Autoscaling pods is futile if the cluster cannot provision nodes. Ensure the Cluster Autoscaler is configured with appropriate --scale-down-utilization-threshold and --scale-down-delay-after-add to complement HPA/VPA actions.

Pitfall Guide

1. The HPA/VPA Eviction Loop

Mistake: Running HPA and VPA with VPA updateMode: "Auto". Impact: VPA detects a pod needs more memory, evicts it. HPA sees a replica drop and creates a new one. VPA immediately evicts the new one. This creates a churn loop, exhausting API resources and causing downtime. Fix: Set VPA to updateMode: "Initial" or "Off" when HPA is present.

2. VPA "Auto" Mode OOM Kills

Mistake: Switching VPA to Auto mode on a production workload immediately. Impact: VPA recommends higher limits based on usage, but the application may have memory leaks or cache buildup that VPA misinterprets as required memory. The increased limit allows the leak to grow until the node OOMs. Fix: Run VPA in Recommend mode for at least one full business cycle to analyze recommendations. Apply minAllowed and maxAllowed constraints.

3. Missing Metrics Server or TLS Errors

Mistake: Deploying HPA/VPA without verifying Metrics Server health. Impact: HPA status shows Invalid or Unknown. VPA fails to generate recommendations. Fix: Check kubectl get --raw "/apis/metrics.k8s.io/v1beta1" to verify API availability. Ensure Kubelet certificates are trusted.

4. HPA Scale-Down Flapping

Mistake: Not configuring stabilizationWindowSeconds for scale-down. Impact: HPA scales down pods, then traffic returns slightly, causing immediate scale-up. This wastes resources and increases latency. Fix: Set stabilizationWindowSeconds to a value longer than your typical traffic micro-bursts (e.g., 300s).

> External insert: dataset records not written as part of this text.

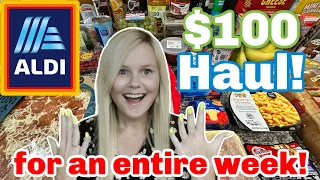 HUGE Aldi $100 Weekly Grocery Haul Challenge and Shop with Me / What's New at Aldi?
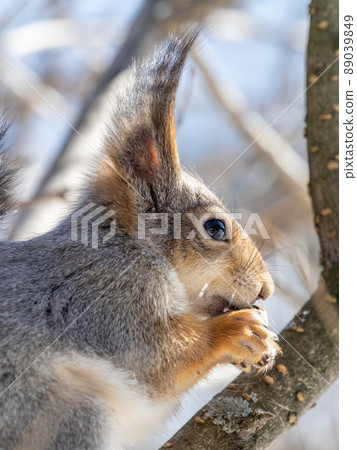 The squirrel with nut sits on tree in the winter or late autumn. Portrait of the squirrel close-up 89039849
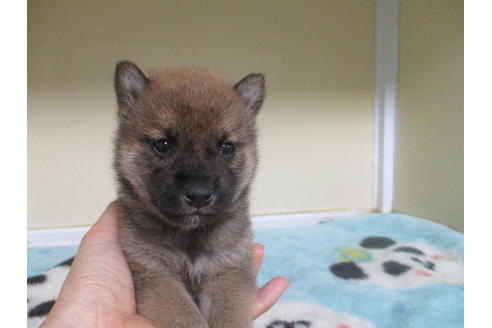 成約済の岡山県の柴犬-116296の5枚目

5. Requests vs. Limits Mismatch

Mistake: Setting CPU requests high but limits low, or vice versa, without understanding QoS classes. Impact: Pods with Burstable QoS are evicted first during node pressure. VPA may recommend requests that push pods into Guaranteed QoS, changing eviction priority unexpectedly. Fix: Align requests with VPA recommendations. Use maxAllowed to prevent VPA from creating Guaranteed pods if you prefer Burstable for cost reasons.

6. Custom Metrics Cardinality

Mistake: Using high-cardinality labels in Custom Metrics for HPA. Impact: Metrics adapter overload; HPA cannot aggregate metrics efficiently; slow reconciliation. Fix: Aggregate metrics at the exporter level or use low-cardinality labels (e.g., namespace, deployment) rather than pod_id or user_id.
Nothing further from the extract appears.